Elga presents the Sleeping Beauty problem like this:
Some researchers are going to put you to sleep. During the two days that your sleep will last, they will briefly wake you up either once or twice, depending on the toss of a fair coin (Heads: once; Tails: twice). After each waking, they will put you to back to sleep with a drug that makes you forget that waking. [Just after you are] awakened, to what degree ought you believe that the outcome of the coin toss is Heads?
And then he states the two most common responses to the problem
First answer: 1/2, of course! Initially you were certain that the coin was fair, and so initially your credence in the coin’s landing Heads was 1/2. Upon being awakened, you receive no new information (you knew all along that you would be awakened). So your credence in the coin’s landing Heads ought to remain 1/2.
Second answer: 1/3, of course! Imagine the experiment repeated many times. Then in the long run, about 1/3 of the wakings would be Heads-wakings — wakings that happen on trials in which the coin lands Heads. So on any particular waking, you should have credence 1/3 that that waking is a Heads-waking, and hence have credence 1/3 in the coin’s landing Heads on that trial. This consideration remains in force in the present circumstance, in which the experiment is performed just once.
In his Section 2, Elga then proves that the correct answer is 1/3.  His proof is correct (although there are a few spots where it would be helpful to fill in some intermediate steps).  So Lewis is wrong to reject this proof.

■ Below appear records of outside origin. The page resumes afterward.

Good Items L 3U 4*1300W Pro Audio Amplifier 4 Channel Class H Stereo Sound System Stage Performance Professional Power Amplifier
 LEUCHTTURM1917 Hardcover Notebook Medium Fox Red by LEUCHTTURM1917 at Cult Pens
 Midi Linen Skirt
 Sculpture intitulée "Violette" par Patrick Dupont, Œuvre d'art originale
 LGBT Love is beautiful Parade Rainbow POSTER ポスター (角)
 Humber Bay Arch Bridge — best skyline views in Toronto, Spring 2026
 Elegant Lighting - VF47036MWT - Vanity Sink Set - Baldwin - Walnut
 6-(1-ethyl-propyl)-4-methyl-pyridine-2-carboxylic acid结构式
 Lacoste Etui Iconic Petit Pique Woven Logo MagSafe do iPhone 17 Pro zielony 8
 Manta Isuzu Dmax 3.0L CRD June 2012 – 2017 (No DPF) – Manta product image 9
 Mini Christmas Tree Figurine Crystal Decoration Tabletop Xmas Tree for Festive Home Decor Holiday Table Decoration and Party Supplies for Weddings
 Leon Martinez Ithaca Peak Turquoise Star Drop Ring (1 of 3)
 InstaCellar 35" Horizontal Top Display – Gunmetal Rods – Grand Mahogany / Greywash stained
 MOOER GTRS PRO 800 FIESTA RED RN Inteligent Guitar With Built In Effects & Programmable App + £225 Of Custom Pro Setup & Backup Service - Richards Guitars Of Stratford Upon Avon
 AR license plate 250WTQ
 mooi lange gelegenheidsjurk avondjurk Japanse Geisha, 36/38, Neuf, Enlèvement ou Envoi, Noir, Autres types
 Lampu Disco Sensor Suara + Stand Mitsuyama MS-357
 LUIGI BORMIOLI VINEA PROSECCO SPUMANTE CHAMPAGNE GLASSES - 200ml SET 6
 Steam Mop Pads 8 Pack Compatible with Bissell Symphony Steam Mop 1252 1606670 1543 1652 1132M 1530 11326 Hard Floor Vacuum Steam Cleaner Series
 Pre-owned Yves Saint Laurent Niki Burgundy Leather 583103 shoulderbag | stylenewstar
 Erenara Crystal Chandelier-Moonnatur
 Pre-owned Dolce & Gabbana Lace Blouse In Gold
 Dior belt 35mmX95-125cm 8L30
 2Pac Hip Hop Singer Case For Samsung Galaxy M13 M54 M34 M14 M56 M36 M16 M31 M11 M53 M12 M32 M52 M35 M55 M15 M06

But Elga's Section 3 introduces some confusion around the meaning of "information".  Elga says:
Let H be the proposition that the outcome of the coin toss is Heads. Before being put
to sleep, your credence in H was 1/2. I’ve just argued that when you are awakened
on Monday, that credence ought to change to 1/3. This belief change is unusual. It is
not the result of your receiving new information — you were already certain that you
would be awakened on Monday.
And then in a footnote:
To say that an agent receives new information (as I shall use that expression) is to say that the agent receives evidence that rules out possible worlds not already ruled out by her previous evidence.
This is where Elga and I disagree.  I would say that an agent receives information if they receive evidence that is not equally likely in all possible worlds.  In that case, the evidence should cause the agent to change their credences (subjective beliefs) about at least some possible worlds.

In particular (as I explained in my previous article), when Sleeping Beauty is awakened, she observes an event, awakening, that is twice as likely under T (the proposition that the coin toss is Heads) than under H, and she should change her credences accordingly.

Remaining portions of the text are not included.